Con le designazioni di ieri si torna all’antico, e cioè all’idea che la carica di senatore a vita rico­nosca un’eccellenza di natura eminentemente civile, declinata «nel campo sociale, scientifico e letterario» (così, appunto, il dettato della Costi­tuzione). Nomi pensati per unire, insomma, e per ribadi­re l’importanza che il nostro Paese ancora rive­ste sulla scena internazionale. Spazzando via cer­te (irrealistiche) ipotesi della vigilia, secondo le quali il presidente della Repubblica avrebbe po­tuto servirsi di questo suo specifico potere per in­tervenire sull’ingarbugliata matassa politico-giu­diziaria, Napolitano è riuscito soltanto in parte nell’intento di rasserenare un clima che continua sotto molti aspetti a rimanere teso e di difficile de­cifrazione.

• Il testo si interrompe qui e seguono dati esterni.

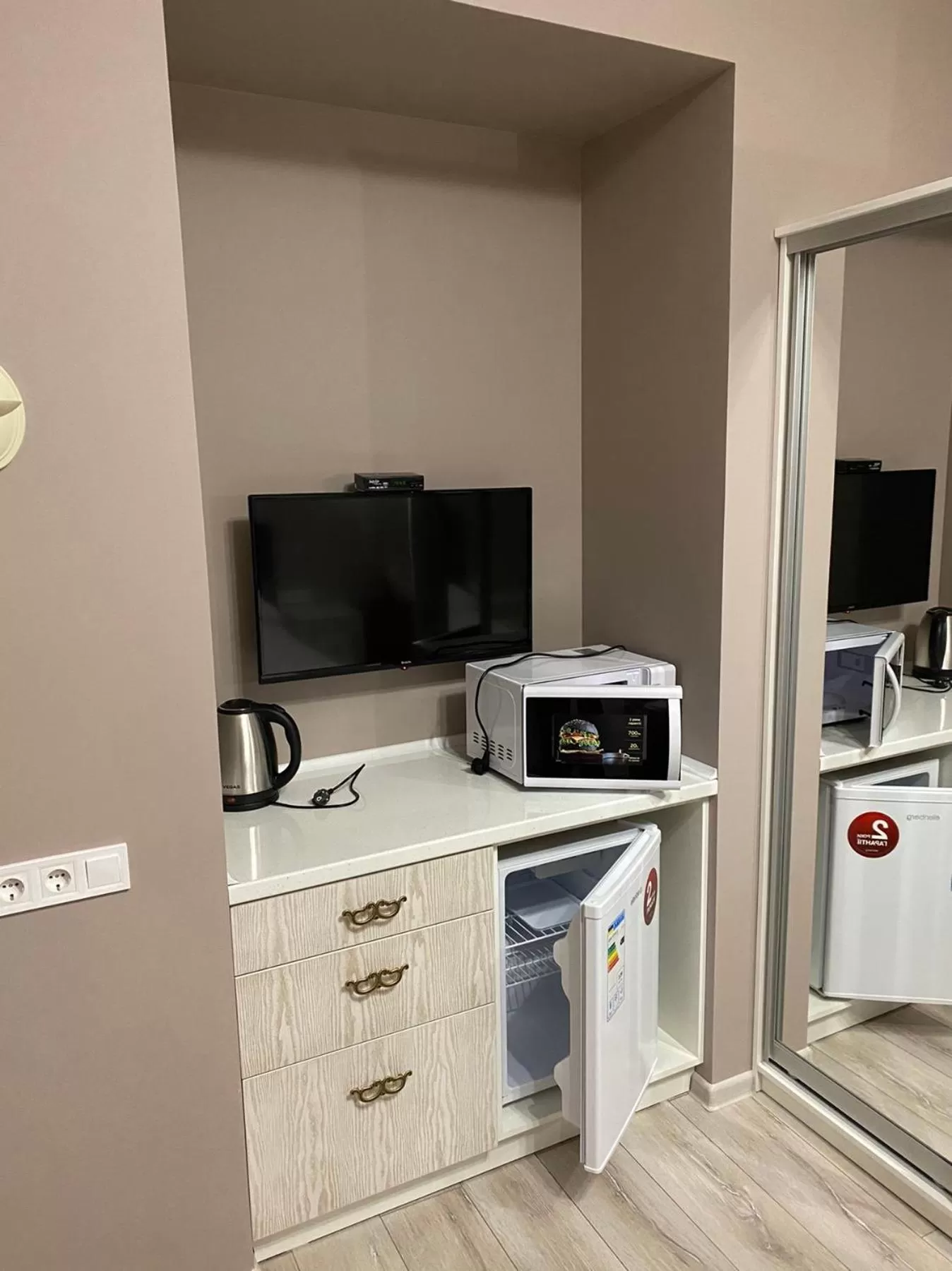 minibar, TV/Entertainment Center in Heart Kyiv Apart-Hotel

È come se, rivolgendosi quasi più al­l’esterno che all’interno, avesse voluto ribadire che l’Italia non è la «fidanzata in coma» cara alle semplificazioni cosmopolite, non è il Paese o­staggio di fazioni contrapposte che parrebbero consegnarla a una sorta di guerra fredda perma­nente o di strisciante conflitto civile. L’Italia è, semmai, una nazione capace di passione e di in­ventiva, generosa nella bellezza e sorprendente nell’innovazione. Con la stessa logica, in passa­to, erano stati nominati senatori a vita Eduardo De Filippo e Carlo Bo, Rita Levi-Montalcini e Nor­berto Bobbio, Leo Valiani e Sergio Pininfarina, ol­tre a due poeti dal destino apparentemente op­posto, il Nobel Eugenio Montale e il Nobel man­cato Mario Luzi (Montale, però, arrivò in Senato nel 1967, otto anni prima di essere laureato a Stoc­colma).

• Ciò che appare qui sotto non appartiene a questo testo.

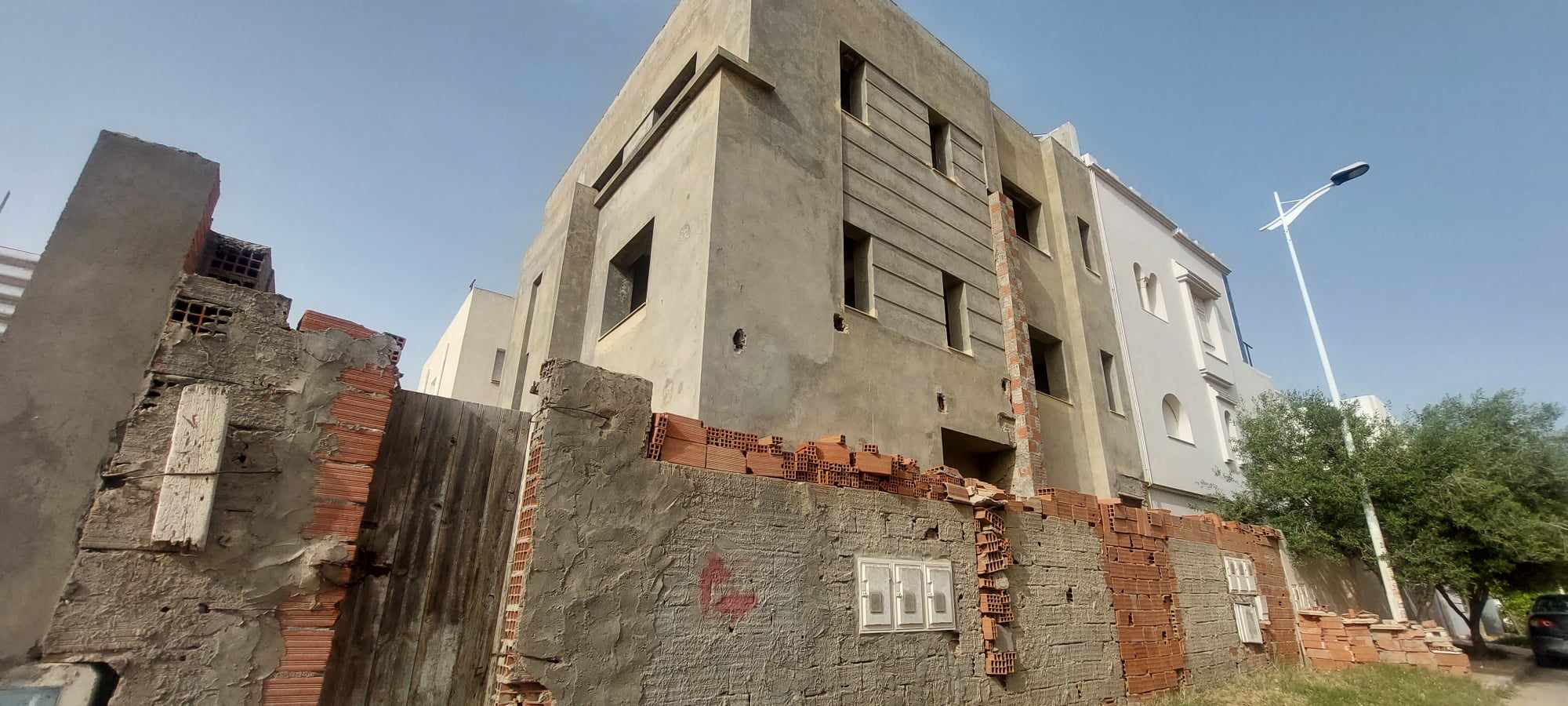 Nabeul Cite Universitaire Vente Maisons Maison inacheve  la cit el wafa elmrezga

Le scelte di Napolitano vogliono andare in questa direzione, anche se non sembrano se­guire il criterio di ampia rappresentatività delle diverse tradizioni culturali al quale si erano sag­giamente attenuti i suoi predecessori. Difficile, in ogni caso, trovare qualcosa da ecce­pire sul valore di Carlo Rubbia, premiato dall’Ac­cademia di Svezia per i suoi studi sulla fisica del­le particelle, o sul prestigio di Renzo Piano, al qua­le si devono alcuni dei più importanti progetti ar­chitettonici degli ultimi decenni. Qualcuno, ma­gari, potrebbe approfittare del riconoscimento attribuito a Claudio Abbado per rinfocolare la tra­dizione, anch’essa tutta italiana, della sfida di­retta con l’altro grande maestro Riccardo Muti (da noi perfino la musica classica ha il suo Cop­pi e, di conseguenza, il suo Bartali).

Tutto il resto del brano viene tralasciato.